→ Assigned task
Write out, word for word, the first line of the data below and every line after it through the one containing "Jason Wu Quotes: In".

→ Study material
______________________________

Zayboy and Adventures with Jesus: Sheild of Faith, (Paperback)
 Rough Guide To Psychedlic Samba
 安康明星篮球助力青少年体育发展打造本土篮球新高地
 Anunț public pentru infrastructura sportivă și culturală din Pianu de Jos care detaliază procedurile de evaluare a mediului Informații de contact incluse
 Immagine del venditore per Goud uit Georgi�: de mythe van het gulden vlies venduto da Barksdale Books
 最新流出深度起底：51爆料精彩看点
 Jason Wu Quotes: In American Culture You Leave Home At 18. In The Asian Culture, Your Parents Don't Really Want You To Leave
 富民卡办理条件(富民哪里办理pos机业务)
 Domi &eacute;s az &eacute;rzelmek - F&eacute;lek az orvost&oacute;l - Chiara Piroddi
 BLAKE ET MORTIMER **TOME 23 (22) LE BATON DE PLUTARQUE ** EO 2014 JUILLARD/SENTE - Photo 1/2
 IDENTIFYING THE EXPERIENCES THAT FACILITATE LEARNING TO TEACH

______________________________

→ Your response
Zayboy and Adventures with Jesus: Sheild of Faith, (Paperback)
 Rough Guide To Psychedlic Samba
 安康明星篮球助力青少年体育发展打造本土篮球新高地
 Anunț public pentru infrastructura sportivă și culturală din Pianu de Jos care detaliază procedurile de evaluare a mediului Informații de contact incluse
 Immagine del venditore per Goud uit Georgi�: de mythe van het gulden vlies venduto da Barksdale Books
 最新流出深度起底：51爆料精彩看点
 Jason Wu Quotes: In American Culture You Leave Home At 18. In The Asian Culture, Your Parents Don't Really Want You To Leave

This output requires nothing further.